The Perseids aren’t the only meteor shower in town this August — it’s also time for the Kappa Cygnids! Peaking August 18, you may see meteors radiating from the constellation Cygnus.
There’s no better time to check out the stars and deep-sky objects in the constellation if you’re located in the Northern Hemisphere, so join us in this week’s challenge as we turn our eyes toward Cygnus.
Cygnus the constellation appears as a majestic swan gliding through the night sky.
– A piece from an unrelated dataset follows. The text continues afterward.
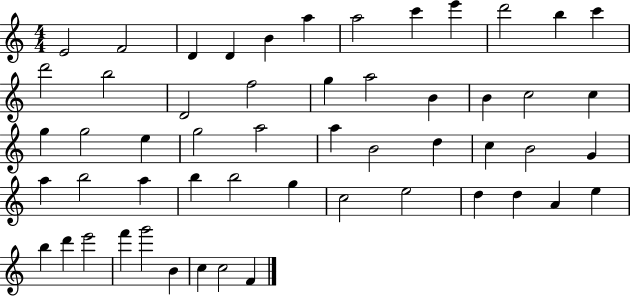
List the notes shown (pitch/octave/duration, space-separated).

E4/h F4/h D4/q D4/q B4/q A5/q A5/h C6/q E6/q D6/h B5/q C6/q D6/h B5/h D4/h F5/h G5/q A5/h B4/q B4/q C5/h C5/q G5/q G5/h E5/q G5/h A5/h A5/q B4/h D5/q C5/q B4/h G4/q A5/q B5/h A5/q B5/q B5/h G5/q C5/h E5/h D5/q D5/q A4/q E5/q B5/q D6/q E6/h F6/q G6/h B4/q C5/q C5/h F4/q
Swans figure prominently in Greek mythology, and the constellation dates back at least to the time of Ptolemy in the 2nd century A.D. The most prominent pattern in Cygnus is the five stars that make up the Northern Cross.
Cygnus, Latin for swan, is visible June through December in the Northern Hemisphere, peaking in summer. It’s low on the horizon, but still visible in much of the Southern Hemisphere at that time.
Stars in Cygnus
Images captured by Unistellar eVscope user David Rowe (United Kingdom)
Cygnus is home to many notable stars, including:
- Albireo, the famous double star — one yellow and one blue
- Deneb, the brightest star in Cygnus and the top of the Northern Cross
- Sadr, the middle of the cross, is a supergiant star with a yellow-white hue
- Aljanah, a multiple star system located close in the sky to the Veil Nebula
- Fawaris, a blue-white giant, part of a triple star system
- Azelfafage, part of a binary star system visible to the naked eye
Deep-Sky Objects in Cygnus
With your eVscope, you can take a closer look at Cygnus’ deep-sky objects, too:
The remnants of a supernova, this cloud of heated dust and ionized gas takes up an area of the sky 36 times larger than the full moon. The Veil Nebula is the visible portion of the larger Cygnus Loop.
NGC 6946 is a spiral galaxy situated face-on — perfect for viewing in all its glory. The galaxy, about one-third the size of the Milky Way, is within the Virgo Supercluster.
The Cocoon Nebula is a stellar nursery forming stars from gas and dust. Astronomers have spotted hundreds of young stars in the nebula and surrounding “tail.”